SEJAK duduk di bangku sekolah dasar, peribahasa ini acapkali disuarakan oleh guru, yakni “Rajin pangkal pandai, Malas pangkal bodoh”. Pengertian pribahasa Rajin pangkal pandai adalah orang rajin belajar akan menjadi pandai. Sedangkan Malas pangkal bodoh adalah orang yang malas belajar atau membaca akan menjadi bodoh.
Kenyataan inilah yang sedang terjadi di dalam kehidupan bermasyarakat, apalagi jika dikaitkan dengan kehidupan Era Digital 4.0 – serba digital.
Seorang tokoh Yahudi menyebut, "Kami tidak akan takut kepada umat Islam, karena mereka bukan umat yang membaca."
Dr. Raghib As Sirjani dan Amir Al-Madari dalam bukunya yang berjudul “Spiritual Reading : Hidup Lebih Bermakna dengan Membaca”, terbitan Aqwam 2007, meyakini betul kemunduran umat Islam, adalah karena hilangnya tradisi membaca yang sebelumnya menjadi budaya dan watak umat ini.
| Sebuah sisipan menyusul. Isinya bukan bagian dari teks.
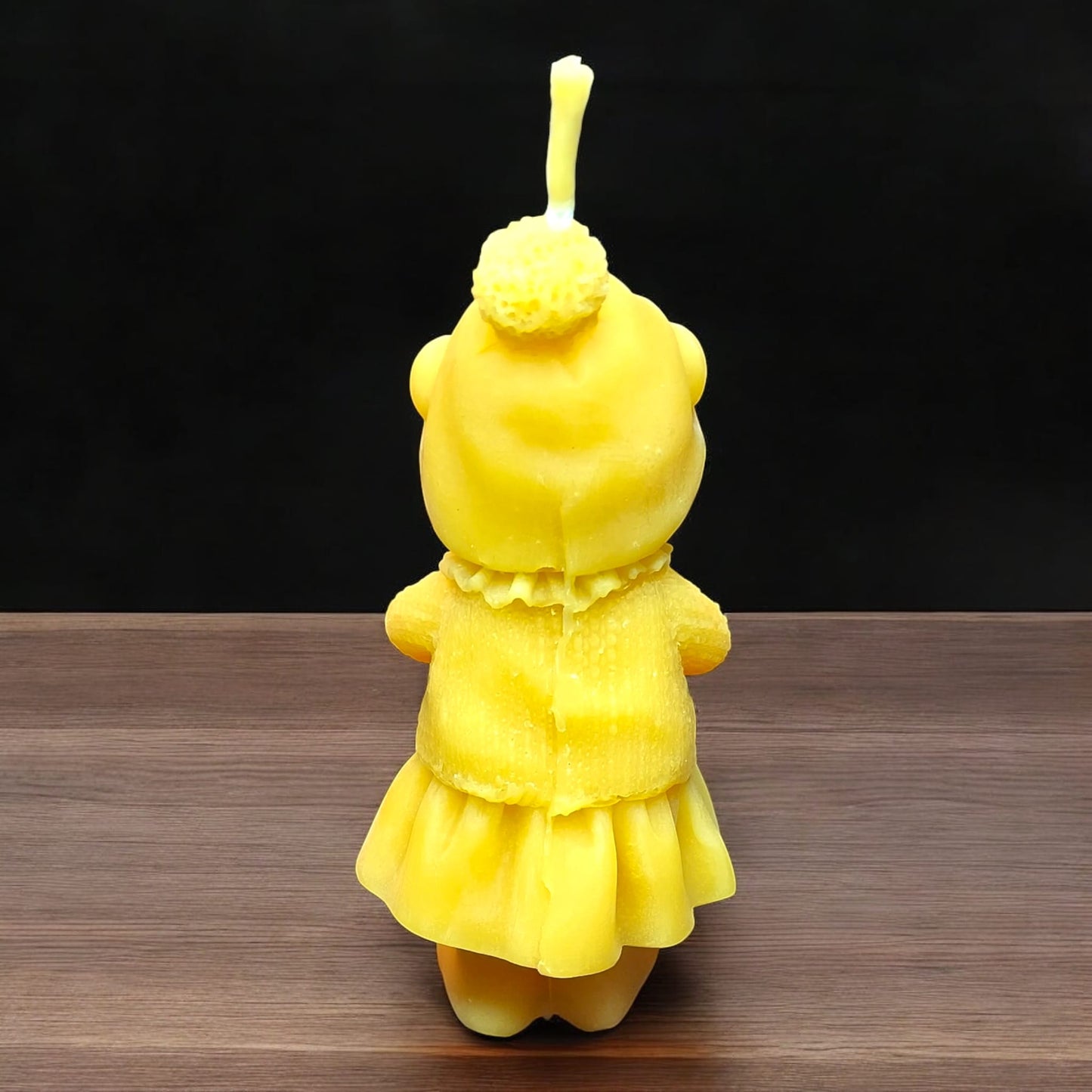 Geschenkebär Monika Teddybär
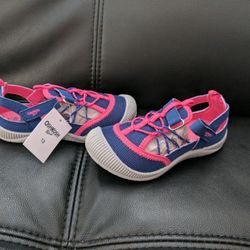 Toddler Girl Sandals Size 12T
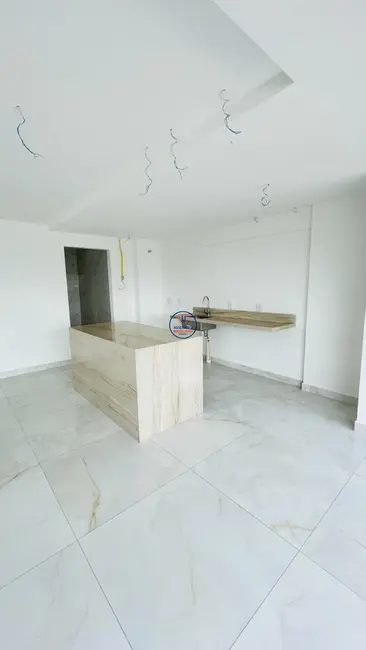 Foto 4 de Apartamento com 3 quartos à venda, 140m2 em Tirol, Natal - RN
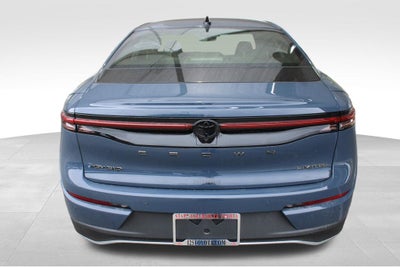 2026 Toyota Crown Nightshade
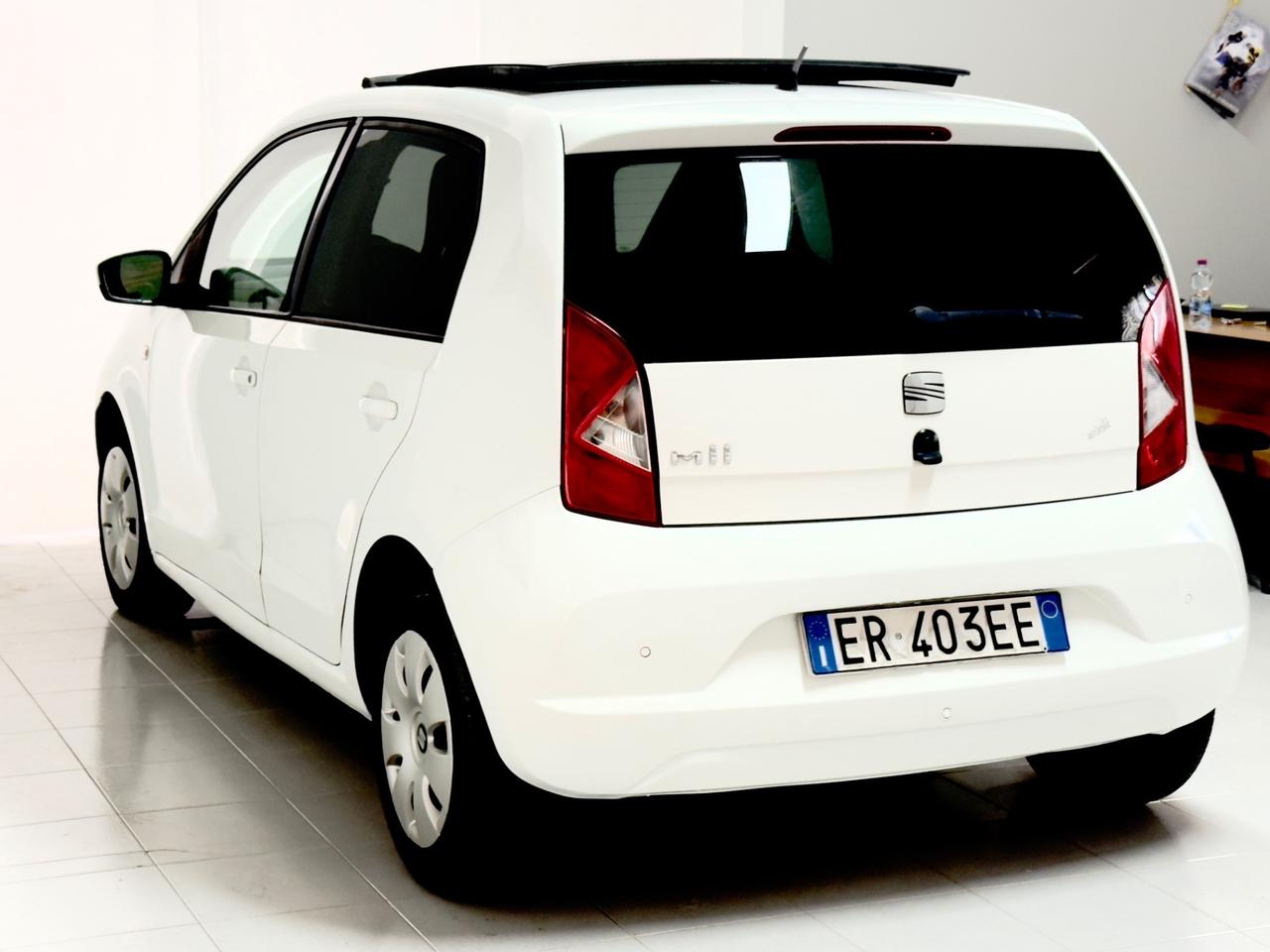 Seat Mii 1.0 75 CV 5 porte Style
Dilansir dari Laman Kominfo.go.id (10/10/2017), menurut data UNESCO, minat baca masyarakat Indonesia sangat memprihatinkan, hanya 0,001%. Artinya, dari 1,000 orang Indonesia, cuma 1 orang yang rajin membaca! Indonesia menduduki peringkat ke-2 dari bawah soal minat baca, akan tetapi menduduki peringkat ke- 5 dalam hal pengguna media sosial tercerewet di dunia.
Riset berbeda bertajuk World’s Most Literate Nations Ranked yang dilakukan oleh Central Connecticut State Univesity pada Maret 2016 lalu, Indonesia dinyatakan menduduki peringkat ke-60 dari 61 negara soal minat membaca, persis berada di bawah Thailand (59) dan di atas Bostwana (61). Padahal, dari segi penilaian infrastuktur untuk mendukung membaca, peringkat Indonesia berada di atas negara-negara Eropa.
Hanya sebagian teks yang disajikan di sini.